叱責か、指導か、体罰か。なんであれ甘んじて受けるべきだろう。シンヤは自身のブザマに恥入りながらそう覚悟した。「解ってはいるようじゃな。ならば今いう事はない」しかしナンブの返答はそのどれでも無かった。何故ならナンブはセンセイではなく部隊の隊長であり、なにより会社員で上司なのだ。

 

「オヌシの行動については帰還後に軍法会議……では無いな、役員会に掛ける。それまでは待機を命じる」「ハイ、ヨロコンデー」故に裁決を下すのはナンブではなく、その上。役員会であり、社長であり、コネコムである。

 

「それと! 作戦終了後に別途三時間のアルコール耐久強化訓練を命じる!」「え」そして隊長で上司のナンブの仕事は、珍しくやらかした部下から飲みニケーションで原因を聞き出す事だ。「復唱せよ!」「アッハイ。アルコール耐久強化訓練に参加します」

 

「ヨロシイ!」シンヤの反論も拒否も聞くつもりはない。なので肯定のみ聞いたナンブは再び指揮に戻った。「オサル共! 戦況を三行で知らせい!」「ハイ! ラットイナバックです! 余りネズミは皆殺しました! 放火準備できてます!」「ヨロシイ! では火ぃ点けい!」

 

「「「ホノオ!」」」BLALALAM!! 合図と共に有害なほど眩しい花火が元白亜の城へと次々に投入される。ヒツケ・ナパームとテルミット、隠し味にマグネシウムを仕込んだグレネードカクテル。その語源通りにグレナデンシロップ色の鮮やかな炎が、夜を昼にと吹き上がる。

 

「アツイ!? アツイ!! アツイ!!?」「ワータ! ウェアイズワータ!?」エレクトリカルパレードの電飾より輝かしい、人間松明のダイミョ行列が火炎旋風に躍り狂う。レイドの夜よりホットなメインホールでキャストがポップコーンめいて弾けている。

 

「救命吾!」「ヘルプ! ヘルプミー!」窓から手を振るプリンセスの髪は文字通りに燃え盛る赤色だ。観客の注目を求めて手を振り髪振り服を振る。子供向けには刺激的な格好にNGが出たようで、蜃気楼のぼかしが姿をかき消した。今はお子様にも安心なジューシー焼肉音しか聞こえない。

 

『……ザあ手を取って……と僕の世界は一つ……』変に回路が繋がったのか、スピーカーから途切れ途切れのスカムポップが流れ出す。
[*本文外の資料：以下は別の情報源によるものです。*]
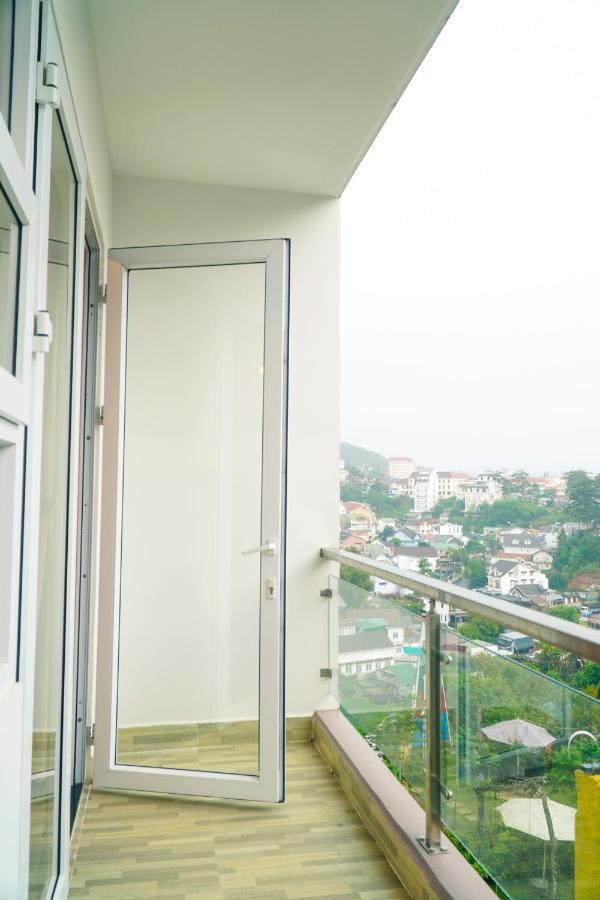 Dau Camping Bbq Da Lat Apartment Bagian luar foto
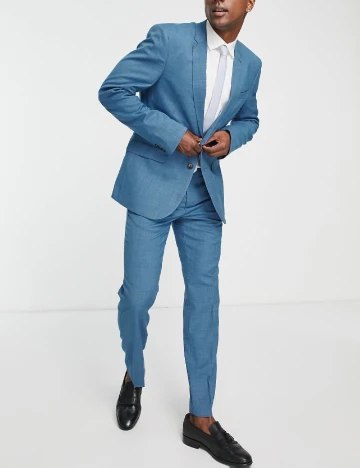 Sacou Ben Sherman, albastru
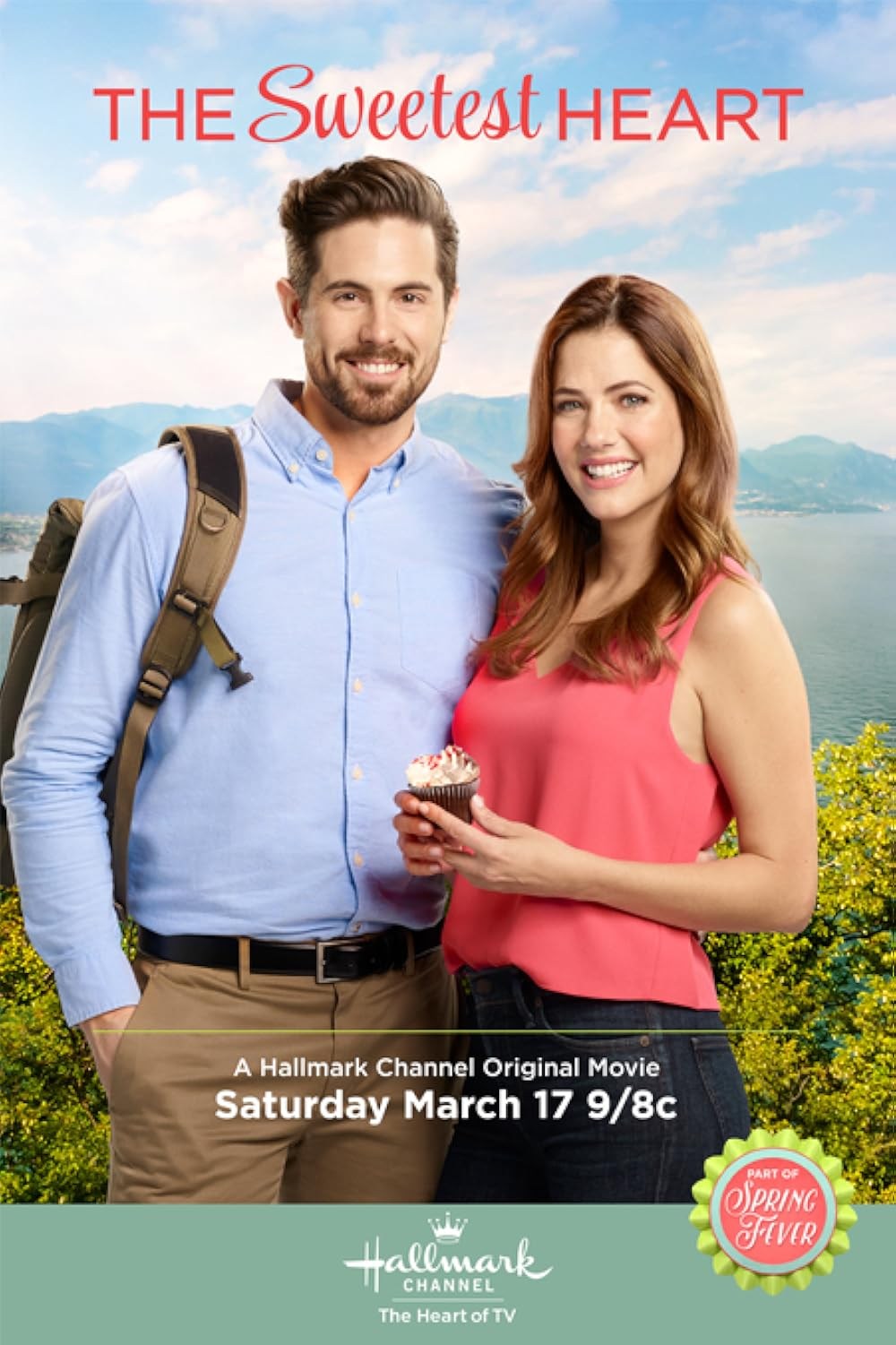 Poster de THE SWEETEST HEART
『……ら同じキモチ……る。涙なんか無……熱い血が……てる』確かに皆、同じキモチで助けを叫んでる。全部蒸発するから涙なんか無い。吹き出すのは発火温度の熱い血。

 

クランの側はどれもこれも歌詞の通りだ。漁師の側は人それぞれ。同じ恐怖を共有してる者もいれば、涙と洟と尿を同時に流してる者もいる。燃え盛る炎に当てられて吠え猛る漁師もいれば、残虐鏖殺火刑火葬処置に凍りついて歯を鳴らす漁民もいる。

 

「おお、マシュマロとチョコレートを用意し忘れたわ。コイツはウッカリ」そしてそれを成したナンブは、胸いっぱいに人が焼ける香りを吸い込んで、満足げに笑っている。生粋のイクサ狂いからすれば焦熱生きジゴクのミノ・ダンスすら、キャンプファイアーのマイムに等しい。

 

一方のシンヤは待機命令を下されてやることを失ったまま茫漠と巨大なキャンプファイヤーを眺める。巨大な松明となった娯楽城は、一夜だけ咲いて消える紅の徒花か。その色が記憶を刺激する。燃え盛る熱が炙られるような焦燥感を引き摺り出す。無秩序なキーワードがあぶくのように弾けては消える。

 

『紅蓮の炎』『ニンジャ、ナンデ?』『フーキルド・ニンジャスレイヤー?』『デントカラテ・ドージョー』『マルノウチスゴイタカイビル』『オールドセンセイ』『ニンジャスレイヤー・シンジケート』『ヒノ=サン』『セイジ』『カラテ王子』……『ニンジャキラー』

 

「クソッタレ」自分にすら聞こえない悪態をつく。ぎしりと歯が軋った。その横顔を見てナンブは長い嘆息を吐いた。とりあえず今夜のアルコールは当社比1.5倍は必要だろう。コネコムの経費で落ちる事を、信じた事もないブッダに祈った。その背後で漁師代表はしめやかに失禁し、静かに失神していた。

 

【ザ・ブラック、ストップ・ヒズ・ランナウェイ】#2おわり。#3に続く。